The municipal bond market was stronger again Tuesday as poor economic data and still-lingering economic woes forced a risk-off trade. Fixed-income markets rallied even as yields have hovered at or near record lows for several consecutive sessions.
"Weak Richmond Fed data is causing munis to rally once again," a trader in Atlanta said. "There is not much value left in the long end, at least for me. I've been a net seller of munis the last 3 months and rotated into preferred stocks for more yield."
Indeed munis were stronger again Tuesday afternoon, according to the Municipal Market Data scale. Yields inside four years were flat while yields outside five years fell as much as three basis points.
On Monday, the two-year closed at 0.31% for the sixth consecutive trading session. The 10-year yield dropped five basis points to 1.65%, setting a record low as recorded by MMD. It beat its previous record of 1.67% set Jan. 18. The 30-year yield also plunged five basis points to set a record low yield of 2.81%, beating the previous record of 2.86% set Friday.
By finishing stronger Monday, munis extended the streak of trading flat or firmer into 21 consecutive sessions. Since this most recent rally began on June 22, yields on the 10-year have fallen 21 basis points while the 30-year yield has plunged 35 basis points.

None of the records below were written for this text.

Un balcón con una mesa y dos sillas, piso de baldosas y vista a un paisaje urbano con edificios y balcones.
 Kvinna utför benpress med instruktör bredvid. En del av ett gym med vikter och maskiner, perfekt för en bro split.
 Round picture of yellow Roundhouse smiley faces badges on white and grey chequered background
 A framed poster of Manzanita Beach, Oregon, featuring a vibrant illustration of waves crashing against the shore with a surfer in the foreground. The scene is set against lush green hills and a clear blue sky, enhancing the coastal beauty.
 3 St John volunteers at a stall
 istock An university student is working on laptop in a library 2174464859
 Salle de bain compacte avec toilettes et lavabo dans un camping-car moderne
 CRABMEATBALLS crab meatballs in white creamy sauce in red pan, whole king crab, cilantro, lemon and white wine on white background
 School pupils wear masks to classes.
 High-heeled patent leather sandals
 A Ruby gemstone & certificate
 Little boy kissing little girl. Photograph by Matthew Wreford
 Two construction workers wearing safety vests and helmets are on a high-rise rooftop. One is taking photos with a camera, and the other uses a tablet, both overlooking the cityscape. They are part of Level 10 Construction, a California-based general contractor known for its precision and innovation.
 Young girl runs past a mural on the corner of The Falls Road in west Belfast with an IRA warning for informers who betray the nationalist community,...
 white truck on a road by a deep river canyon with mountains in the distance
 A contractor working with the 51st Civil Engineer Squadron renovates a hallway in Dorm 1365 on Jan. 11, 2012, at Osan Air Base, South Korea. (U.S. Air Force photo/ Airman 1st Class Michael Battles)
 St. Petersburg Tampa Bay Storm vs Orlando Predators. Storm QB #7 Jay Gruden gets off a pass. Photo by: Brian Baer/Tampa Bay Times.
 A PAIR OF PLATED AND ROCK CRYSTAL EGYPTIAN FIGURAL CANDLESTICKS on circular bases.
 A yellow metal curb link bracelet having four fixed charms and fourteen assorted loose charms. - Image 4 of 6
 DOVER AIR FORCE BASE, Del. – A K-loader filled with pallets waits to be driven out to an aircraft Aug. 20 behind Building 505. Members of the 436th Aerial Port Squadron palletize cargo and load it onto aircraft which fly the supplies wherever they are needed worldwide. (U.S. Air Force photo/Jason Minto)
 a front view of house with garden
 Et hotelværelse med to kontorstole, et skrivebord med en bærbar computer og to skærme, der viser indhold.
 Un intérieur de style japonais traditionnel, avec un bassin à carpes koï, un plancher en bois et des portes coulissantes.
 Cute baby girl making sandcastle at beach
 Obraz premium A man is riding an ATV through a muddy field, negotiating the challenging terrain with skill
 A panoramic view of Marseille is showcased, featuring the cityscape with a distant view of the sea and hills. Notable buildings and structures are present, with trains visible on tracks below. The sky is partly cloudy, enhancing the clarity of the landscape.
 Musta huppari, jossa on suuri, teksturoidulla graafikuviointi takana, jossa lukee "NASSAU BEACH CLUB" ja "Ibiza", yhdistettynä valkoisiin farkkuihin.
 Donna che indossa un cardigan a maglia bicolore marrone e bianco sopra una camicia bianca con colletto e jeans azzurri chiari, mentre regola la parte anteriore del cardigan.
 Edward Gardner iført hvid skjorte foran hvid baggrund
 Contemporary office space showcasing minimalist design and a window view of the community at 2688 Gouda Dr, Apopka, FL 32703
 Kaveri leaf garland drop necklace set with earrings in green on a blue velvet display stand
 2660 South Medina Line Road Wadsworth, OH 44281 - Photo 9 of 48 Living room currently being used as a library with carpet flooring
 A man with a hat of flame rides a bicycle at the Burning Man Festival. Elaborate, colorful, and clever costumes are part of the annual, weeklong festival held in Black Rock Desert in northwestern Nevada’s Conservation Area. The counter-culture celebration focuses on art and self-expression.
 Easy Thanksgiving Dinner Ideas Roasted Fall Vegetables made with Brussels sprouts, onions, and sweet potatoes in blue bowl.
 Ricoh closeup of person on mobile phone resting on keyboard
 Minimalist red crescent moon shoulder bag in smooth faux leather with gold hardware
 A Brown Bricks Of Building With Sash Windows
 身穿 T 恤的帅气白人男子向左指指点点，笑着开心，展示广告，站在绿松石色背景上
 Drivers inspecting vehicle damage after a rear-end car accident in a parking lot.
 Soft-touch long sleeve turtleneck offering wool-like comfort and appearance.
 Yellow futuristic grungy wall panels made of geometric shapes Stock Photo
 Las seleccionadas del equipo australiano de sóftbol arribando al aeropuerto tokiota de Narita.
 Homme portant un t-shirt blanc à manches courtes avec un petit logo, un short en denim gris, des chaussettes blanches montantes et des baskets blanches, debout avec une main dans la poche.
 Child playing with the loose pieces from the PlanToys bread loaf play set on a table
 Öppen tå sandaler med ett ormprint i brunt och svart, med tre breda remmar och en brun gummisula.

Treasuries rallied. The benchmark 10-year yield dropped three basis points to 1.41% while the 30-year yield plunged five basis points to 2.47%. The two-year yield rose one basis point to 0.23%.
In the primary market, Wells Fargo Securities priced $322 million of Los Angeles Department of Water and Power water system revenue bonds, rated Aa2 by Moody's Investors Service and AA by Standard & Poor's and Fitch Ratings.
The bonds yielded 2.99% with a 5% coupon in 2035, 3.05% with a 5% coupon in 2036, 3.08% with a 5% coupon in 2037, and 3.13% with a 5% coupon in 2043. The bonds are callable at par in 2022.
Morgan Stanley priced $280.1 million of taxable and tax-exempt Mississippi general obligation refunding bonds, rated Aa2 by Moody's, AA by Standard & Poor's, and AA-plus by Fitch.
Yields on the first series, $57.1 million of taxable GO refunding bonds, ranged from 0.784% priced at par in 2015 to 2.414% priced at par in 2022. The bonds were priced 40 basis points to 100 basis points over the comparable Treasury yields.
Yields on the second series, $43.7 million of tax-exempt GOs, ranged from 0.59% with 2% and 5% coupons in a split 2015 maturity to 2.05% with 4% and 5% coupons in a split 2023 maturity. The bonds are callable at par in 2022.
Prices on the third series, $100.6 million of Libor index bonds for the Nissan North America Inc. project were not available by press time.
Prices on the fourth series, $78.7 million of SIFMA index GO refunding bonds for capital improvement projects, were not available by press time.
In the competitive market, Bank of America Merrill Lynch won the bid for $361.3 million of Pennsylvania GO refunding bonds, rated Aa2 by Moody's, AA by Standard & Poor's, and AA-plus by Fitch. Yields ranged from 0.19% with a 3% coupon in 2013 to 1.93% with a 4% coupon in 2023.